Work item: Reproduce nothing beyond the line containing "Loto du Comité des Fêtes de La Sèbe". From the first line of the data below down to it, copy each line exactly, without the pictures.

+++ Supplied data +++

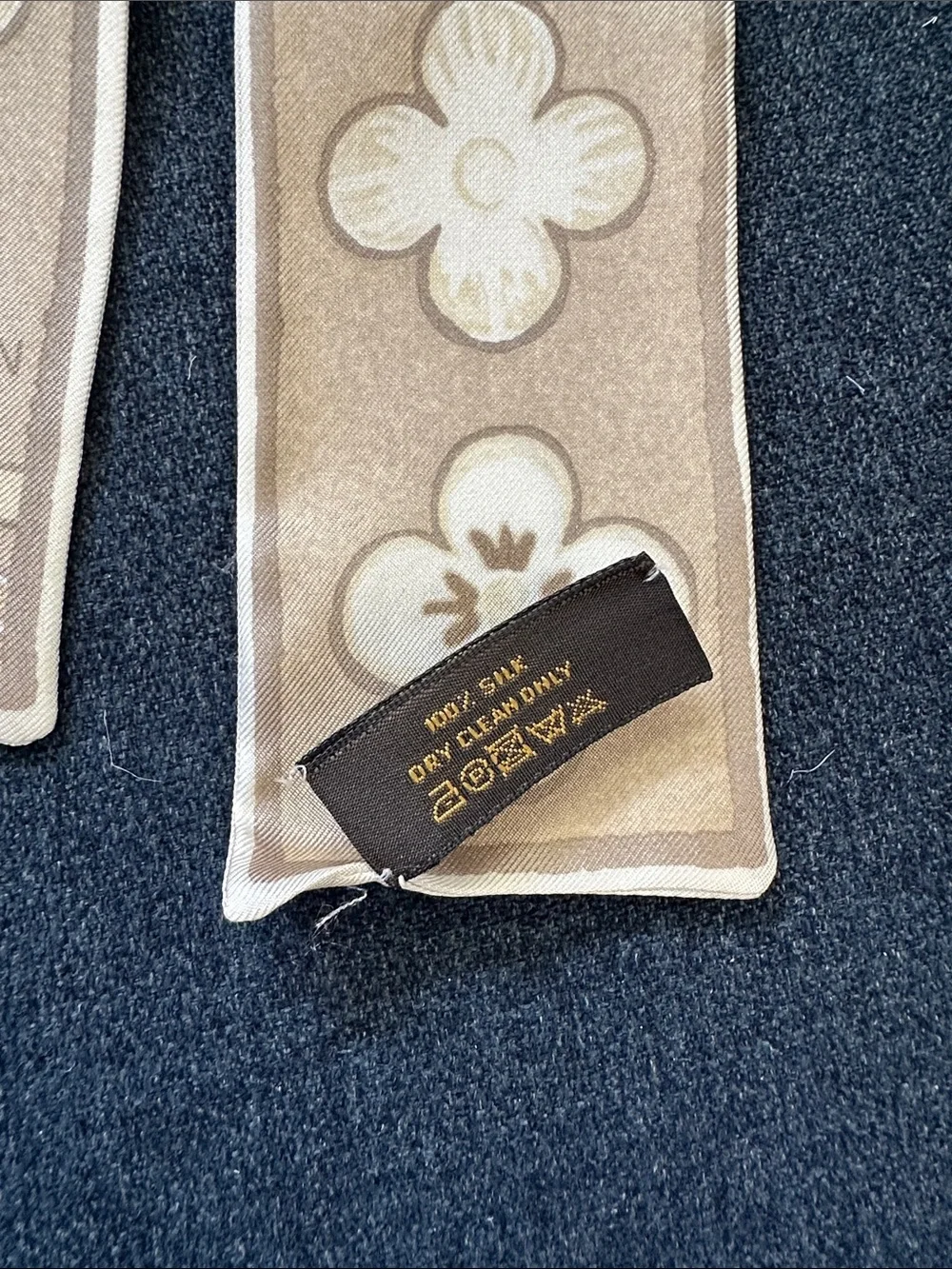 Louis Vuitton Beige & Cream Monogram Flower Silk Scarf Twilly AUTH w/ box & tag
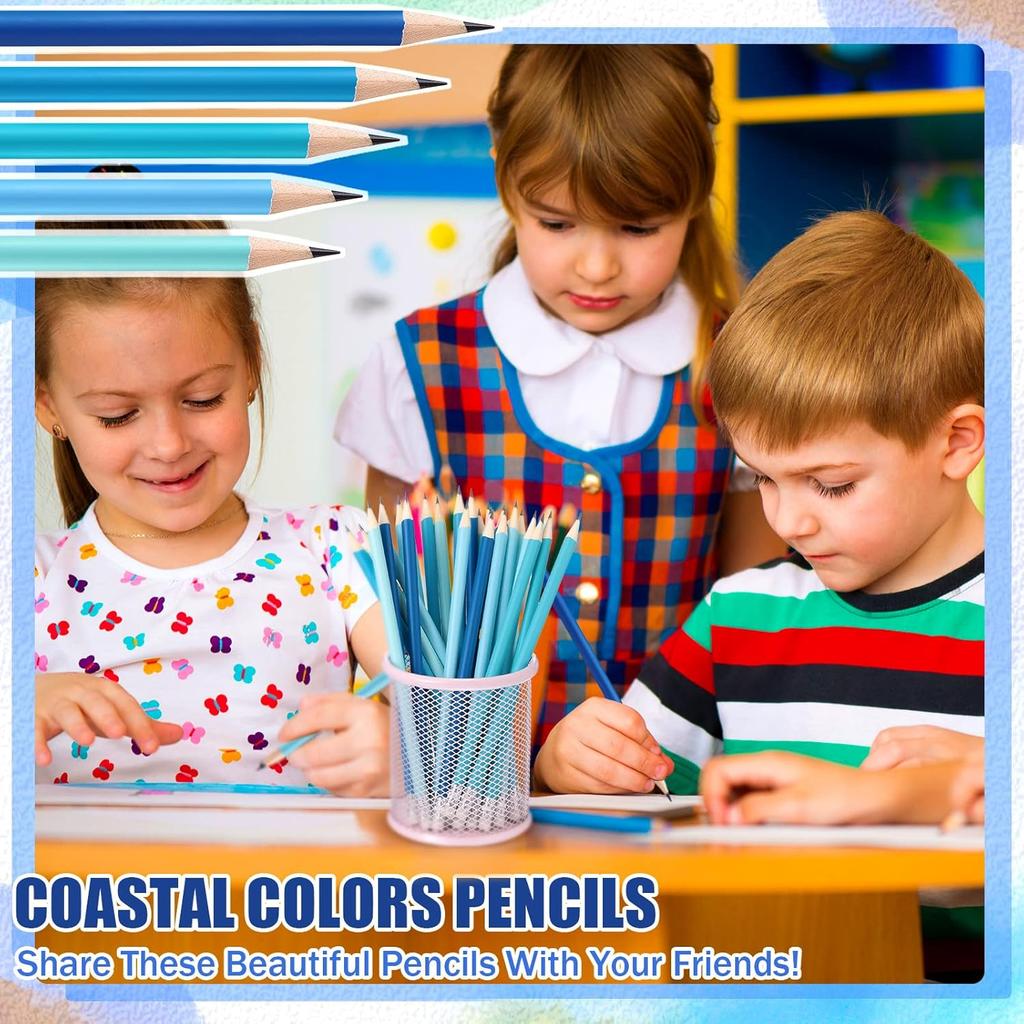 CHENGU 36 Pack Coastal Blue Pencils with Eraser Unsharpened Fun Cute Erasable Checking Wooden Summer Pencils for Adults Office Drawing Sketching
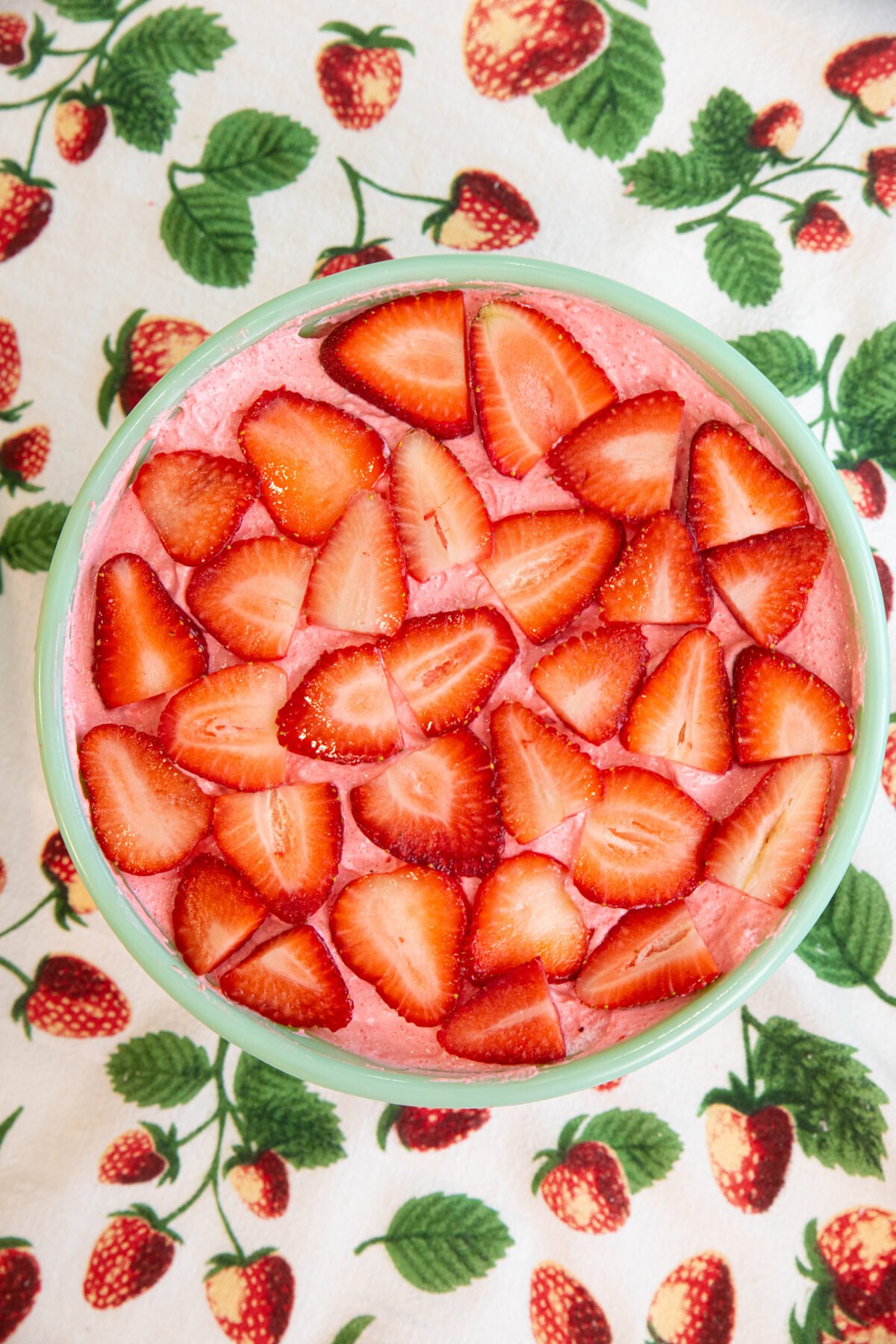 Strawberry fluff in a jadeite bowl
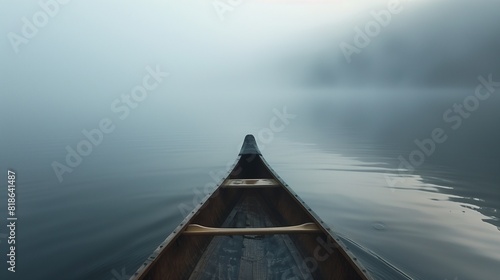Gliding silently through a mist-covered lake in a traditional wooden canoe. photo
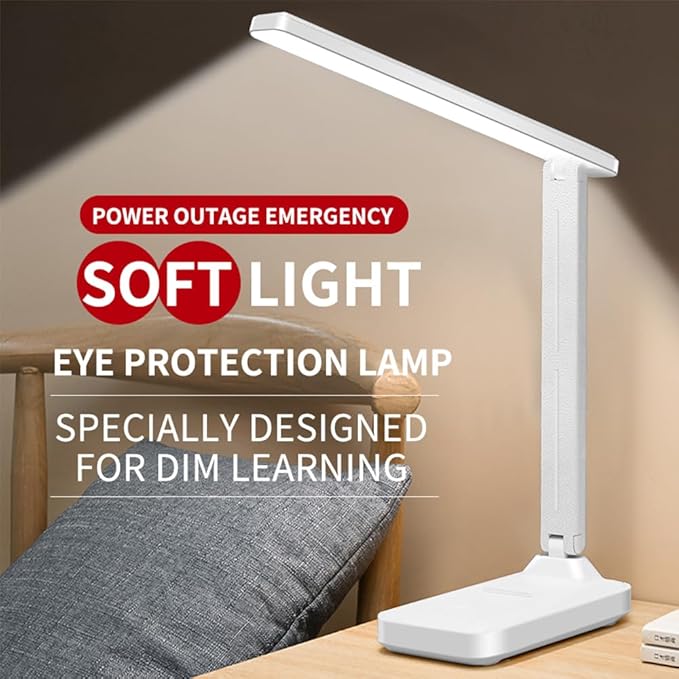 Rechargeable Desk Lamp, Small Desk Light with 3 Color Temperatures & Stepless Dimming, Battery Powered Table Lamp for Home Office, Eye-Caring Study Lamp with USB-C Charging Port (FOLD-688A)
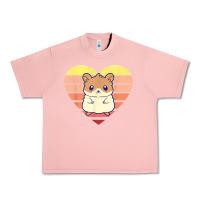 Salmon cute hamster design retro heart shape vintage t shirt Urban Heavy Tee - linhVisuals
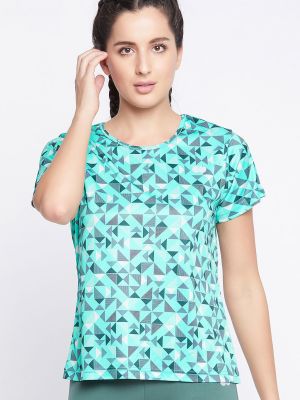 Comfort-Fit Geometric Print Active T-shirt in Electric Blue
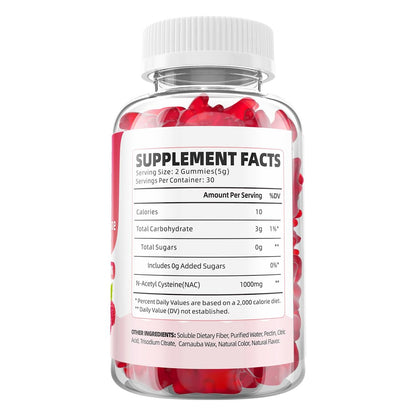 GrnLife NAC Gummis für Kinder & Erwachsene, 1000mg N-Acetylcystein Supplement, Antioxidantien & Immununterstützung, Lebergesundheit, Himbeergeschmack, 60 Stück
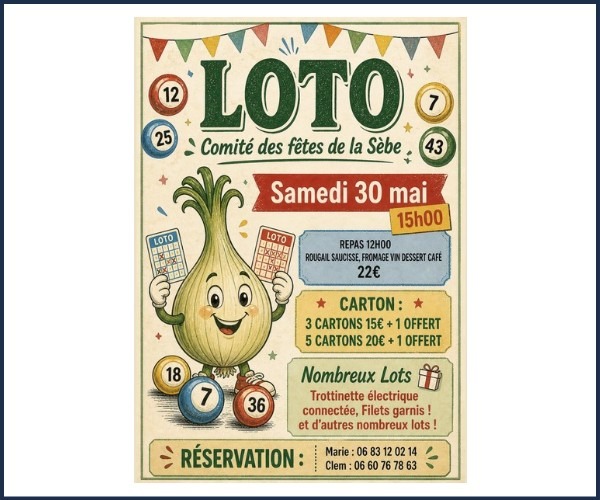 Loto du Comité des Fêtes de La Sèbe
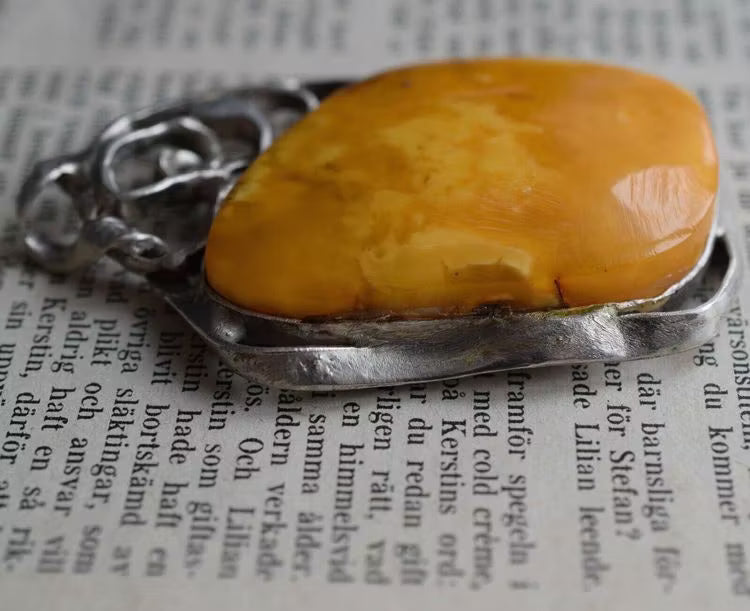 Natural amber pendant with handmade silver baltic amber butterscotch 1970's 38g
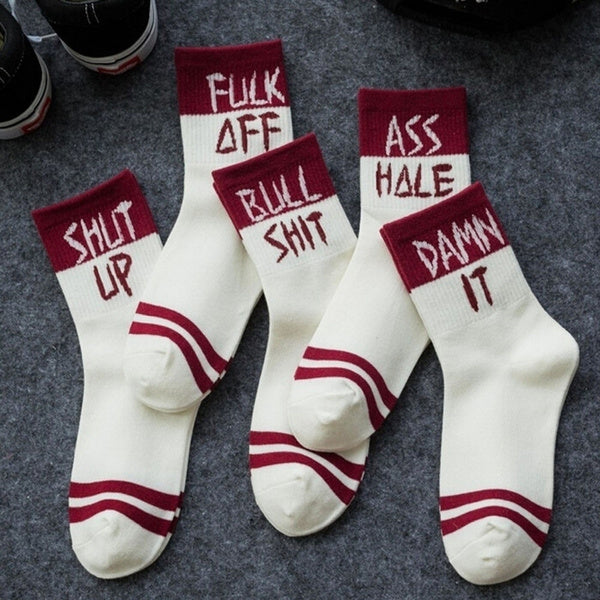 1Pair of Funny Cool Letter Cotton Socks - Unique Inspirations by Tracy and Anna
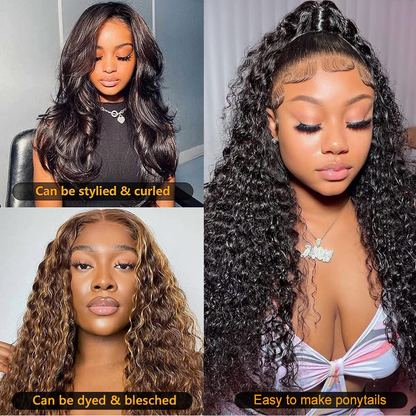 Angie Queen 13x4 Lace Front Wigs Peruvian Deep Wave Human Hair Wigs 180% Density Pre-plucked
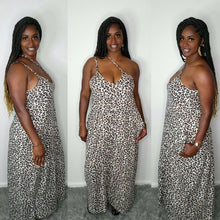 Load image into Gallery viewer, Leopard Cami Spaghetti Strap V-Neck Dress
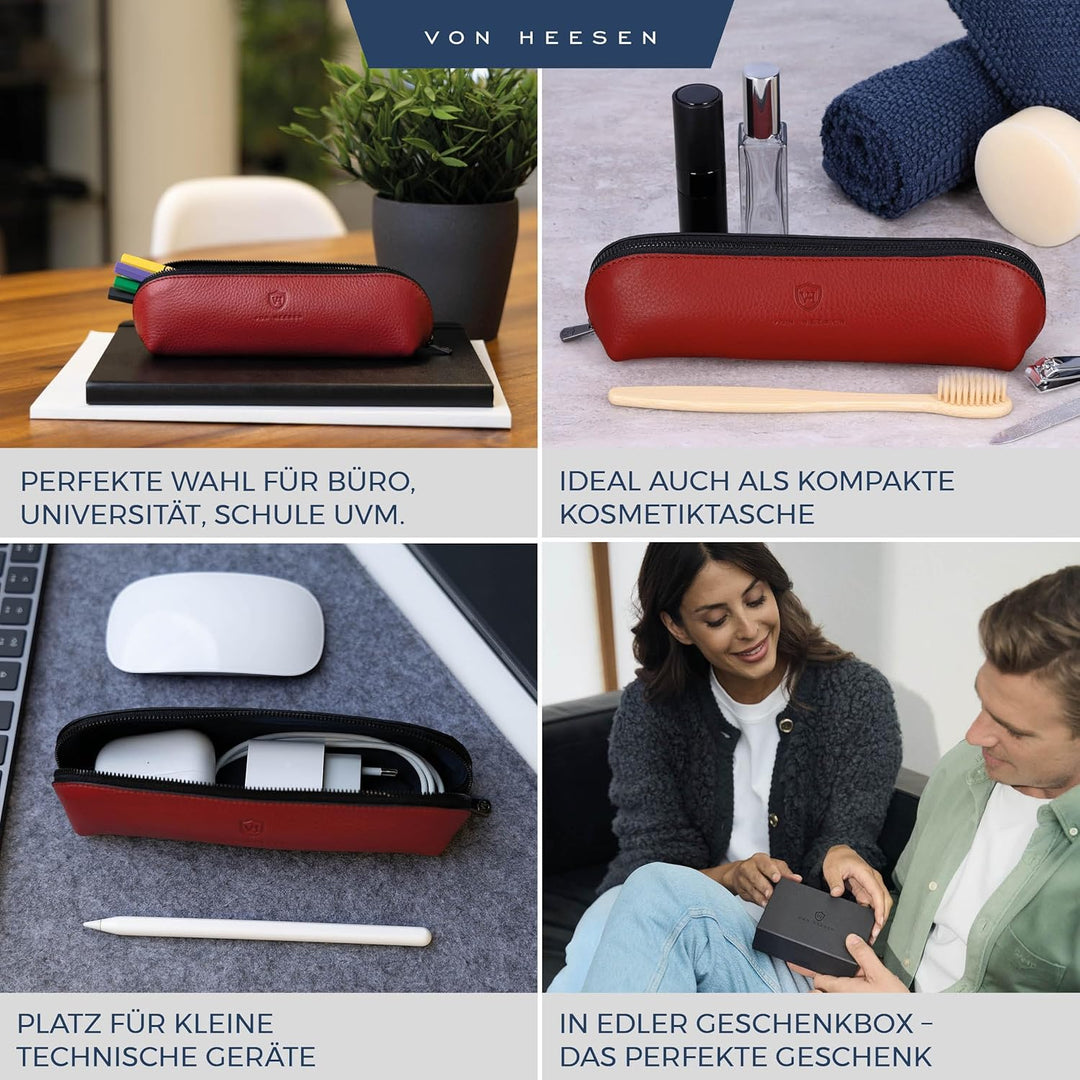 VON HEESEN® Echtleder Federmäppchen Leder Federmappe Etui für Stifte Mäppchen Schule Federtasche Uni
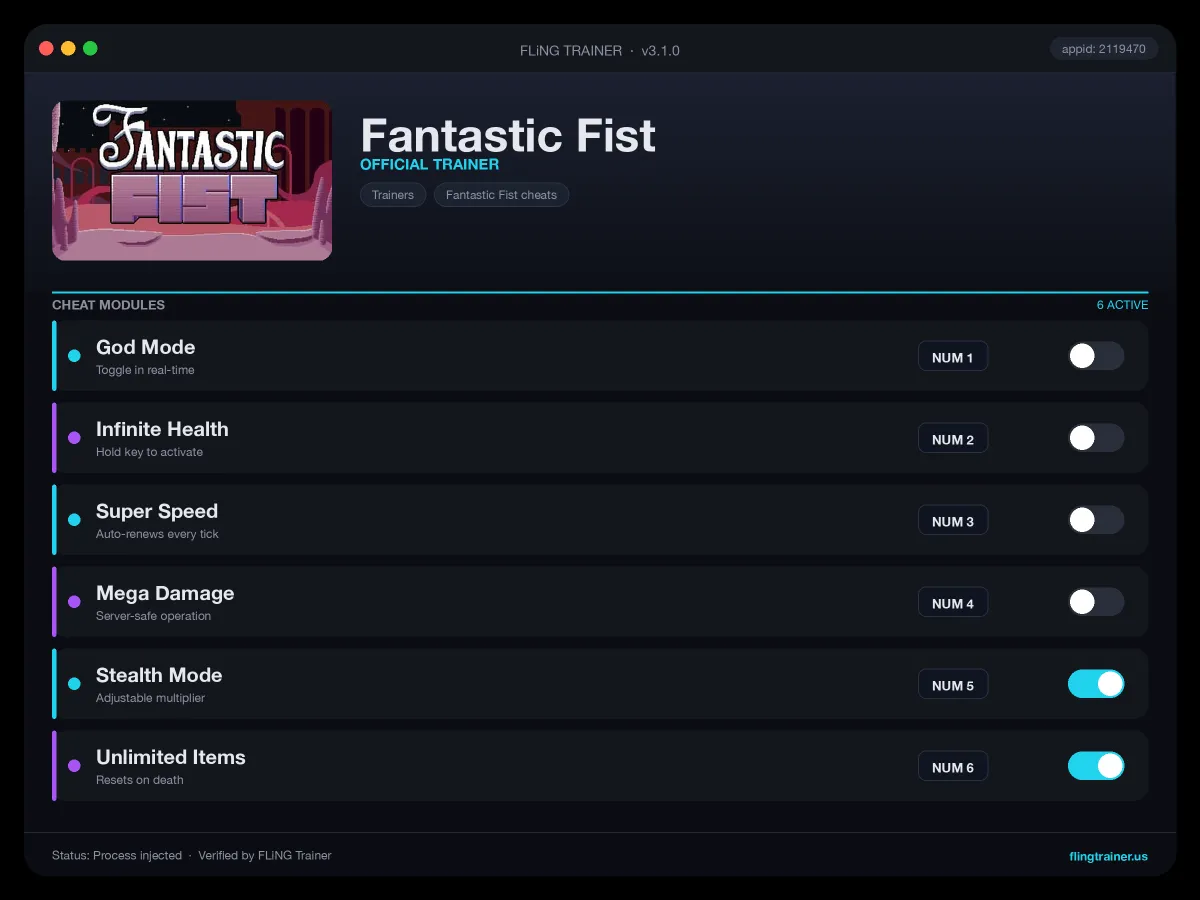 Fantastic Fist Trainer interface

+++

Written response:
 Louis Vuitton Beige & Cream Monogram Flower Silk Scarf Twilly AUTH w/ box & tag
 CHENGU 36 Pack Coastal Blue Pencils with Eraser Unsharpened Fun Cute Erasable Checking Wooden Summer Pencils for Adults Office Drawing Sketching
 Strawberry fluff in a jadeite bowl
Gliding silently through a mist-covered lake in a traditional wooden canoe. photo
 Rechargeable Desk Lamp, Small Desk Light with 3 Color Temperatures & Stepless Dimming, Battery Powered Table Lamp for Home Office, Eye-Caring Study Lamp with USB-C Charging Port (FOLD-688A)
 Salmon cute hamster design retro heart shape vintage t shirt Urban Heavy Tee - linhVisuals
 Comfort-Fit Geometric Print Active T-shirt in Electric Blue
 GrnLife NAC Gummis für Kinder & Erwachsene, 1000mg N-Acetylcystein Supplement, Antioxidantien & Immununterstützung, Lebergesundheit, Himbeergeschmack, 60 Stück
 Loto du Comité des Fêtes de La Sèbe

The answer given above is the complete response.